As its sturdy red-brick construction suggests, Gordon House dates from the middle of the Victorian era. It’s now Grade II listed, and has been substantially restored by commercial developers Octagon. The interiors reflect an atmosphere of grand Victorian ambition – witness the marble pillars and gleaming chandeliers of the reception hall. There’s a rather fabulous wooden staircase there too, curling upwards to a landing with a balustrade – all classically elegant. Other original features include an impressive marble fireplace, some ornate plaster work and cornices that come from the hand of Robert Adam.

There are 10 bedrooms, the same number of bathrooms, and five reception rooms, including that magnificent ballroom.

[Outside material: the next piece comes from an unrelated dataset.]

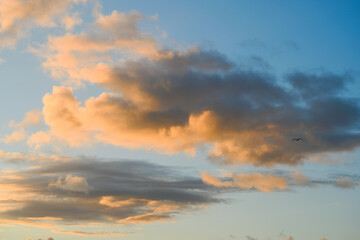 Fototapeta premium Sunlit clouds glow in warm evening colours above Saint Ives, Cornwall, England, with lone seagull crossing expansive coastal sky at sunset.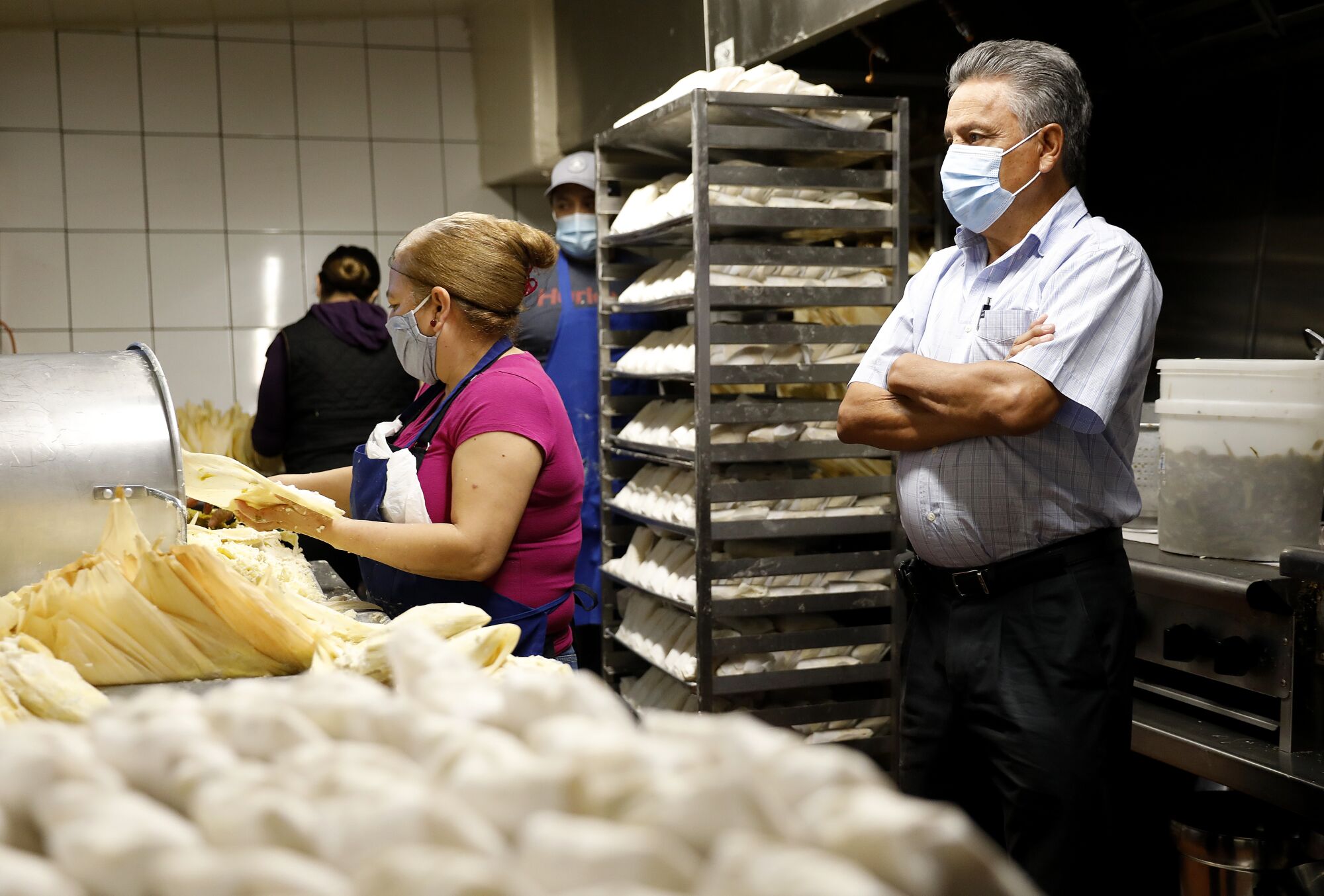 Juan Manuel Santoyo looks on as workers including Maria Franco make tamales at Tamales Liliana's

Both that and the chapel – but of course, every distinguished mansion must have its own chapel, this one beautifully renovated with classical archways and columns and a glass skylight roof – have the potential for converting into a swimming pool area if the new occupier fancies.

No matter how fabulous its interiors, a mansion without picturesque grounds is only half a mansion. Lucky, then, that Gordon House includes beautifully restored gardens, with formal hedging and a lake and fountain. There’s even an underground car park secreted away beneath the gardens. And then, of course, there’s the view. That long stretch of river includes Richmond Lock, with the wonderful iron footbridge – another slice of majestic Victoriana – arching over it. Beyond, Old Deer Park stretches away to Kew Gardens. Now that’s what you call a river view.


Richmond is located 15 miles south west of central London, and is the end stop on one branch of the District Line. It’s 15 minutes by fast train to Waterloo.

Once the stomping ground of royalty, Richmond is considered London’s most attractive borough, and is famous for its royal parks (particularly the Deer Park, with 2,500 acres of hills), historic houses and riverside prettiness. The Thames links Kew Gardens, Richmond and Hampton Court Palace.

Rugby fans are near Twickenham stadium, the home of English rugby, while gardeners have Kew Gardens nearby.

There are some excellent food and drink options in the area. The Petersham Nurseries is an award-winning venue serving garden-fresh food (Skye Gyngell, the chef, has become a TV celebrity).

The Glasshouse and La Buvette are also at the very top of London’s gastronomic ladder, serving first-rate modern?European.